Are governing bodies demonstrating that they are heeding calls for pay restraint in the higher education sector? Liz Emerson, IF Co-founder, investigates
One of the highest paid vice-chancellors retired early from his £426,000 a year position at the University of Southampton last October. Just this week, another vice-chancellor also stepped down from his £350,000 a year Leicester De Montford University position. It was hoped that as vice-chancellor vacancies appear, governing boards would take the opportunity to put the brakes on what is widely considered to be out-of-control and out-of-touch salary inflation. The question is whether calls for pay restraint have had any effect, with the first annual reporting on vice-chancellor pay from the Office for Students (OFS) just last week.

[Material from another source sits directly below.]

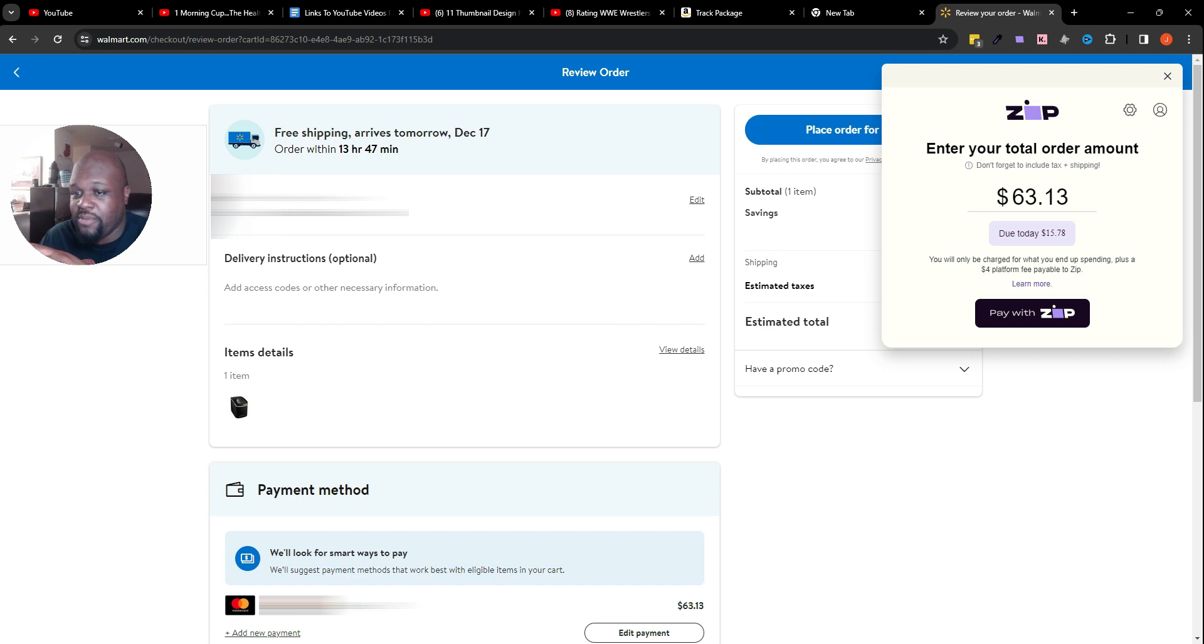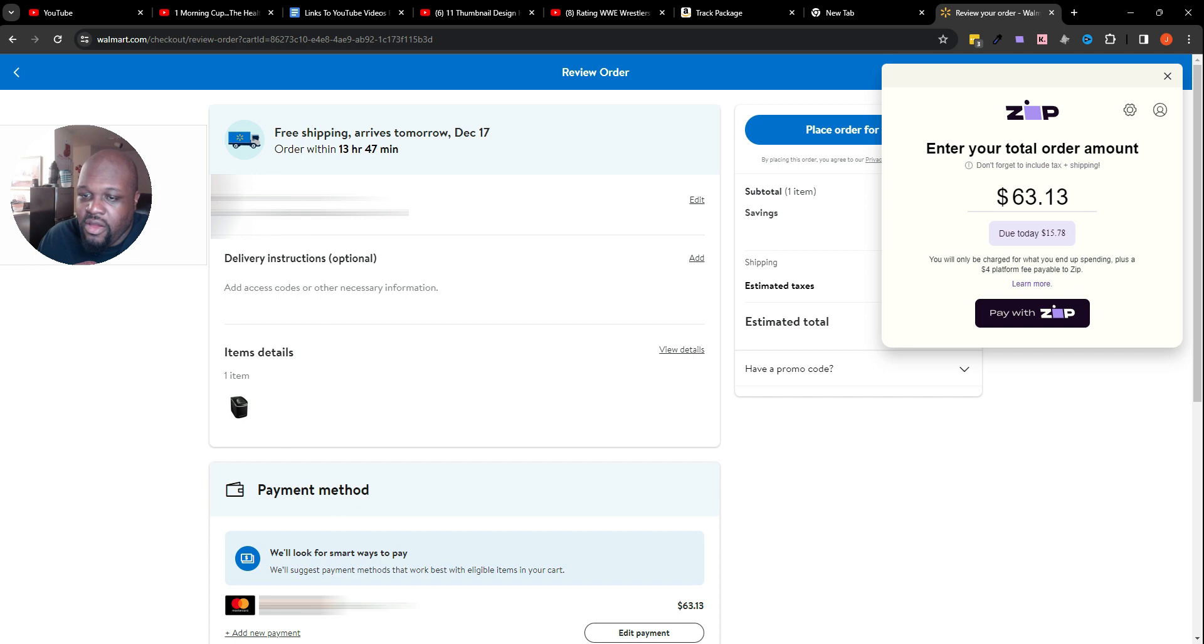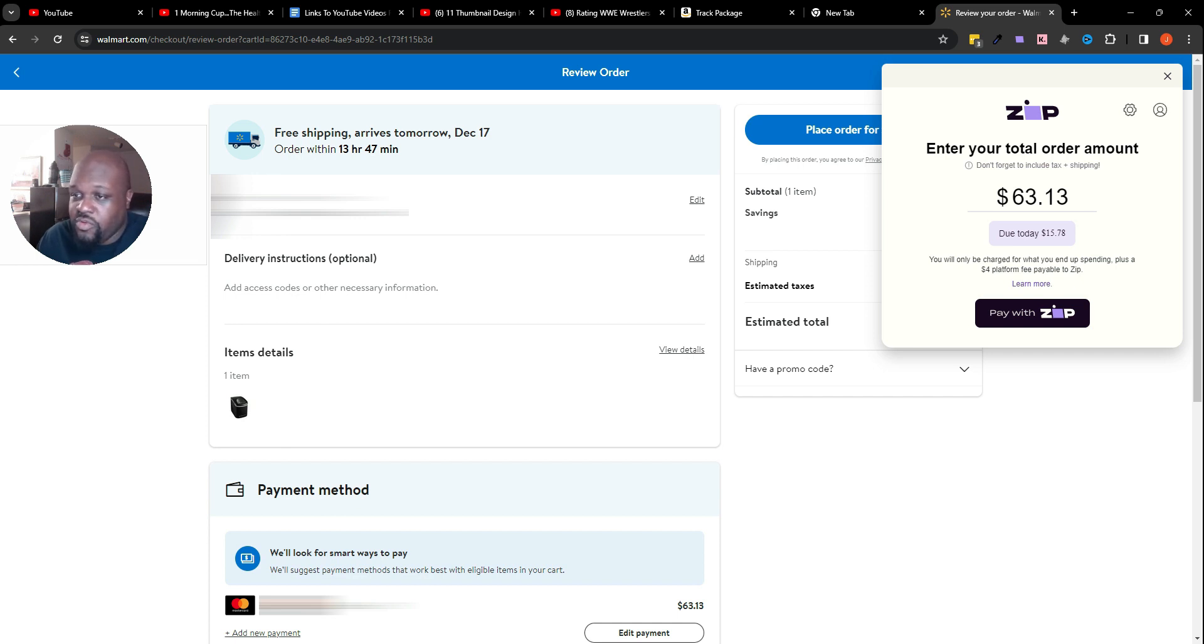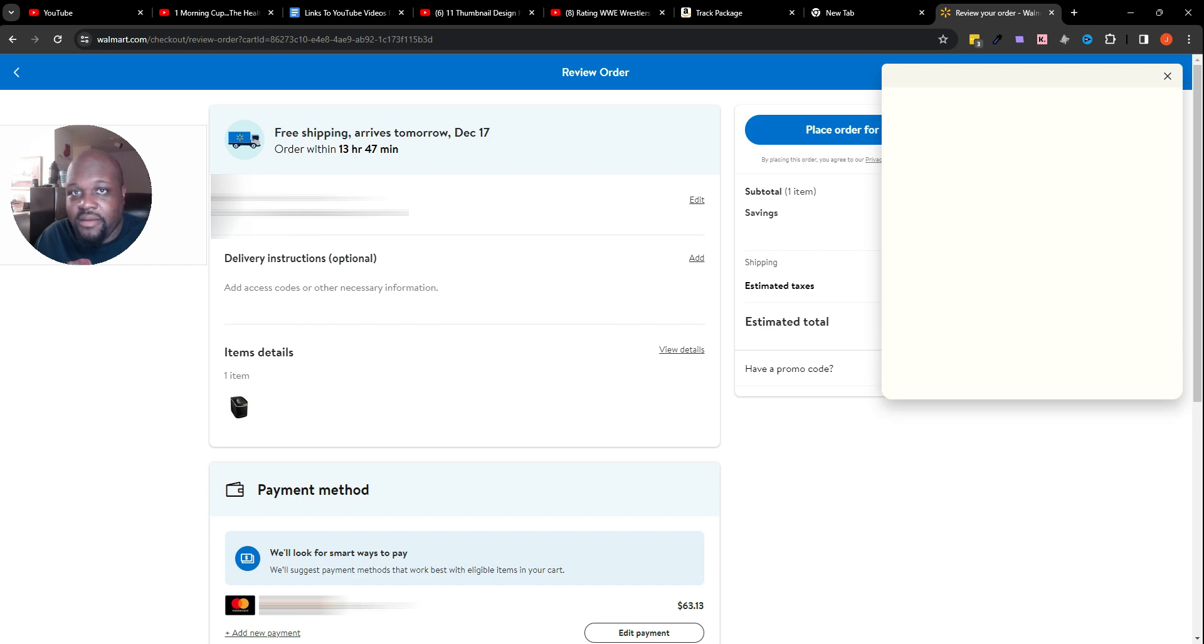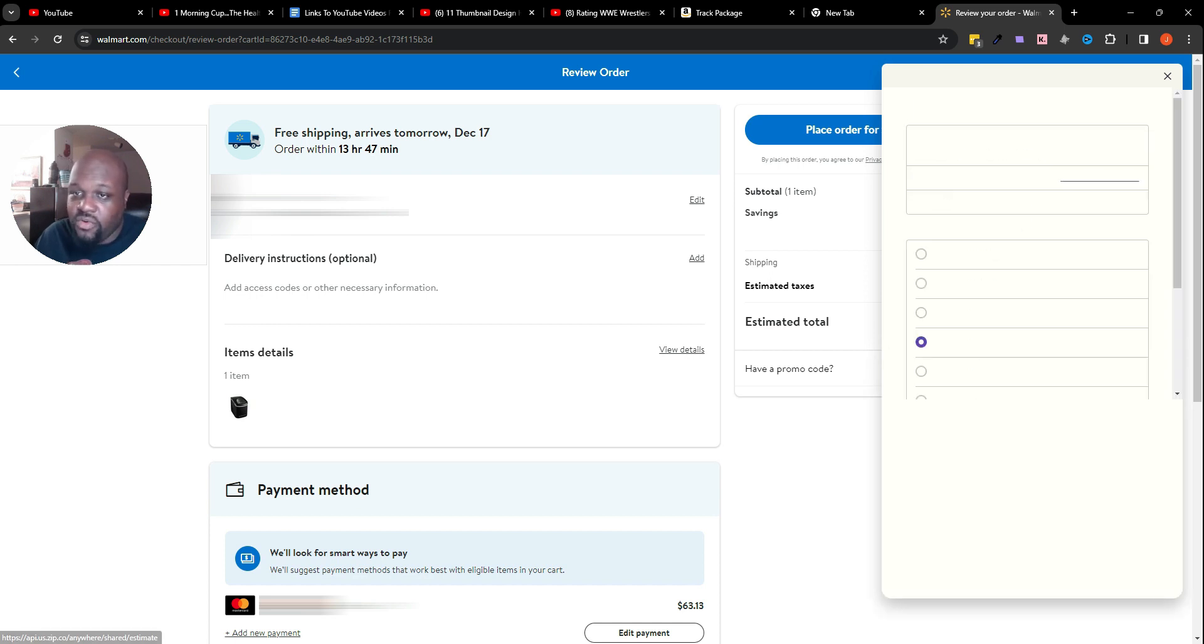It says 'create a virtual card.' Now it says 'enter your total payment amount,' so you can choose the payment amount yourself, or it's going to populate automatically what the estimated total was on the site. As you can see, it already did it here. It says 'do $15.78 today. You will only be charged for what you end up spending plus a four dollar platform fee that's payable to Zip.'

Rather than learning lessons from last year’s extensive reputation-damaging media and public scrutiny of “fat cat” VC remuneration, it appears that pay for senior leaders, rather than decreasing in 2017/18, has actually gone up. While Bath University may have learnt its lesson from the “Breakwell debacle” by reducing its vice-chancellor pay from a shocking £468,000 to a still high £266,000, many higher education institutions’ remuneration committees are still involved in an “escalator effect”. According to the FT, five of England’s higher education providers paid their heads more than £500,000 in 2017/18.
Why is this happening?
Historically, remuneration committees would monitor the performance of senior leaders against targets and set rewards (often linking pay to rising tuition fees) with the vice-chancellor included in the discussion but staff and students excluded. The vice-chancellor would leave the room when their own pay was discussed but a “chum” effect no doubt put pressure on colleagues to rubber stamp a pay increase request. These lavish pay and perks awards led to a national outcry in 2018, with pages of editorial dedicated to calling out the profligacy of senior leaders feeding off the marketisation of higher education and the tripling of tuition fees foisted on the young.

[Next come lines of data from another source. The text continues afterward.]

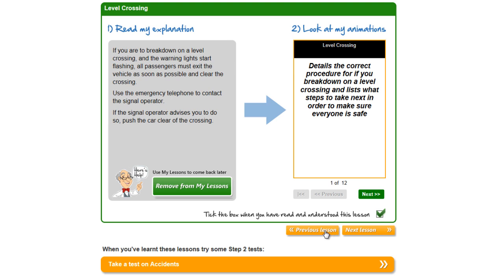So in summary, step one of the four-step process to learning your DSA driving theory familiarises you with all of the DSA topics and provides an understanding of each area, which will allow you to move on to step two to test yourself against each of the topic areas.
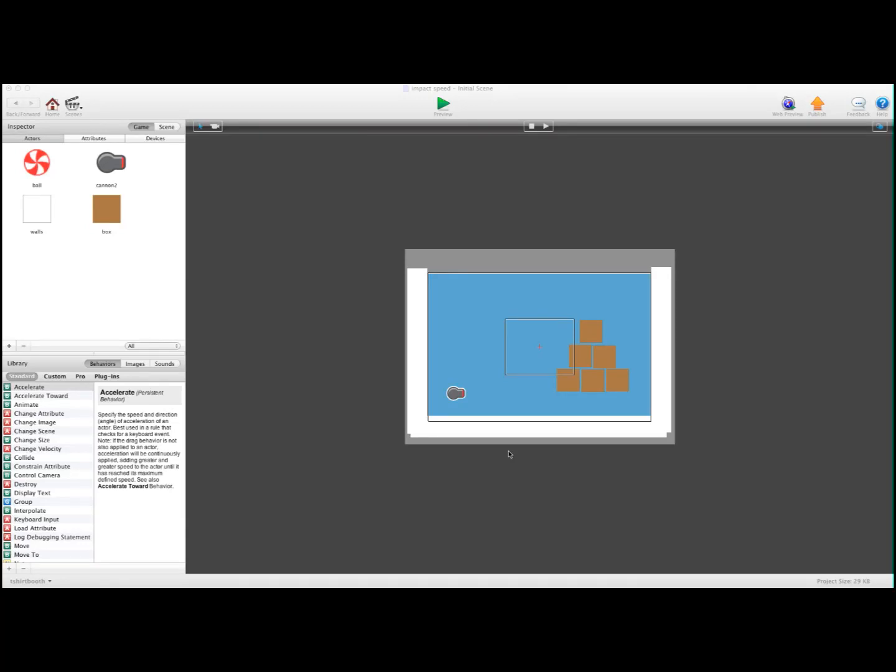Hey there everybody, T-Shirt Booth here for GSHelper.com and in this video I'm going to show you how to determine impact speed. Just like Angry Birds, when the bird hits the block at a certain speed, the block destroys. If it doesn't hit it at a fast enough speed, it doesn't destroy.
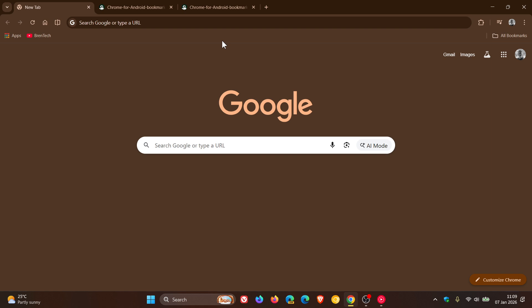And up until recently, the bookmark bar has not been available on Android devices like tablets and so on.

Thanks to the introduction of a new code, vice-chancellors cannot be members of remuneration committees going forward. But, according to university insiders, there is yet another problem due to the use of “benchmarking data from the sector by remuneration committees” which means that remuneration committees are likely to be under pressure to match pay offered by other institutions. This inevitably leads to further pay inflation rather than a sector-wide recognition that pay levels of senior leaders have simply gone too far.
The Office for Students (OFS), the newly-established regulator of higher education, which has a “duty to promote value for money”, prides itself on being on the side of students. But, in its first reporting on vice-chancellor pay last week, it has been accused by the University and College Union (UCU) of being “lightweight” because it has done nothing to hold senior leaders and their remuneration committees to account. The OFS insists that “It is not for the Office for Students to set a vice-chancellor’s pay.” If not the OFS then who?
So, where does that leave VC pay?
For the many impoverished students struggling to get by on maintenance loans that are simply not high enough to cover their basic living costs, and the many junior academic staff working on zero-hours contracts, this new annual reporting will do nothing to improve the perception of higher education establishments being run by unaccountable mandarins giving themselves “excessive and arbitrary rises”.
It appears that while the proportion of staff earning more than £100,000 a year has fallen at 48 institutions, pay awards are still shockingly high even within institutions. Thirteen institutions each have more than 100 staff on incomes of more than £100,000 per year. University College, London, leads the pack with 354 staff members receiving this level of remuneration, followed by Cambridge (314), Imperial (305), King’s College, London (222), Oxford University (185), LSE (164), Warwick University (152), Nottingham University (143) and Manchester (135).
The Augar Review could have included vice-chancellor pay as part its review of higher education finance by imposing regulations to prevent a football-esque “transfer” market, as encouraged by the likes of Oxford’s vice-chancellor, Louise Richardson. Instead the focus is on “teaching” and “outcomes”, with average university vice-chancellor pay now above £250,000 for the first time, according to The Telegraph.
Where does that leave students?
Students, on the other hand, are facing unprecedented levels of university debt, interest rates that are four times higher than the bank base rate, and 30 years of repaying 9% of salary if earning over the current annual income threshold of £25,000 per year – all for, in many cases, less than eight hours of lecture contact time a week.
Unless parents, students, policy-makers, junior academics, and unions come together to criticise these bloated pay packets, it seems the heavy criticism this year’s reporting has unleashed will continue to fall on deaf ears.